The other examples are Shuai and Wu (2011) who used the DEA method and grey entropy to
evaluate the impact of internet marketing on the performance of Taiwan’s hotels. They
demonstrated the fact that operational efficiency and internet marketing have a direct relationship
with marketing efficiency effects. And Chen Y. and Chen B. (2011) who also exploited a
combination of grey DEA and Malmquist productivity index for evaluating the operational
performance of wafer fabrication industries in Taiwan. They examined efficiencies in the two
modes of efficiency in constant and variable return to scale, and consequently compared the
results. Lastly Le et al. (2014) used grey DEA for measuring the efficiency of the Vietnamese
garment industry.
The authors’ investigations corroborate that no study has been executed in analyzing and ranking
the operations strategy of manufacturing firms using the grey DEA approach. The current research
sought to fill this gap.
Int J Supply Oper Manage (IJSOM)
375
3. Theoretical Principles of the research
3.1. Operations Strategy
The responsibility of operations as a functional unit in organizations is to transform operations
resources into products and services (Brown et al. 2013). A review of the literature on operations
strategy shows that from the outset, the activity of the functional field of operations has not been
of interest as a factor that creates competitive advantage. The competitiveness of the work
environment drew greater attention to the decisions pertaining to operations. Skinner’s 1969 paper
titled “Manufacturing-missing link in corporate strategy” was a preamble to the introduction of
manufacturing and operations into the strategic decisions of companies.
Over the years, the concept of operations strategy has been defined in different ways: operations
strategy is an integrated pattern of decision making in operations that is linked to business strategy
(Hayes and Wheelwright, 1984); operations strategy is a general pattern for decisions that shape
the long-term capabilities of any kind of operations and the way they contribute to the overall
strategy through ongoing reconciliation of market requirements with operations resources (Slack
and Lewis, 2011). On the one hand, operations strategy meets the requirements determined by
business strategy and, on the other hand, it aids the organization by incorporating customer
requirements into operations capabilities which leads to introducing the company to new markets
and developing new opportunities for it (Beckman and Rosenfield, 2008). Paying attention to
these definitions demonstrates what they have in common is that operations strategy could be
developed through creating competitive advantage. In fact, the main role of operations strategy is
to convert the competitive advantages of organization to operations capabilities (Boyer and Lewis,
2002).
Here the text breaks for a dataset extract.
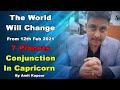 The World Will Change From 12th Feb 2021 | 7 Planets Conjunction In Capricorn ♑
According to the definition by Slack and Lewis (2011), operations strategy reconciles
operations resources to market requirements. This indicates two important viewpoints consist of
the market-based view (external) and the resource-based view (internal) in formulating operations
strategy of organizations.
3.1.1. Concept of efficient frontier in operations strategy
According to authors’ knowledge, the concept of operations strategy efficient frontier was first
introduced by Slack et al. (2006). Figure 1 shows the concept of efficient frontier in operations
strategy, and the relative performance of a number of organizations in the same industry may be
seen in it. Organizations A, B, C, and D are located on the efficient frontier curve. In the short
term time horizon, it is impossible for the organization to simultaneously achieve excellent
performance in all aspects of competitive advantages. Whereas, in the long term, the improvement
of the entire competitive advantages (performance objectives) is the goal of operations strategy.
The explanations are provided in this section are based on the two competitive advantages, variety
and cost efficiency.
The organizations that are located on the efficient frontier of their industry are on different
positions on the frontier compared to each other due to different marketing strategies and
managerial viewpoints. Organization X is inefficient in terms of operations due to failing to create
a trade-off between the two competitive advantages. Organizations B and X are on the same line.
However, because of better trade-off between the two performance objectives, Organization B is
placed on the efficient frontier like the best rivals, while Organization X is not on the efficient
Kaviani and Abbasi
376
frontier. The companies on the efficient frontier (the best practices in the industry) can improve
their operational efficiency by overcoming implicit trade-off on the efficient frontier curve.
Organizations not located on the efficient frontier should benchmark best practices of the industry
by redefining their operations strategy and following the organizations situated on the efficient
frontier (Slack and Lewis, 2008, 2011; Slack et al., 2006).
Figure 1- Concept of efficient frontier in operations strategy (Slack et al. 2006)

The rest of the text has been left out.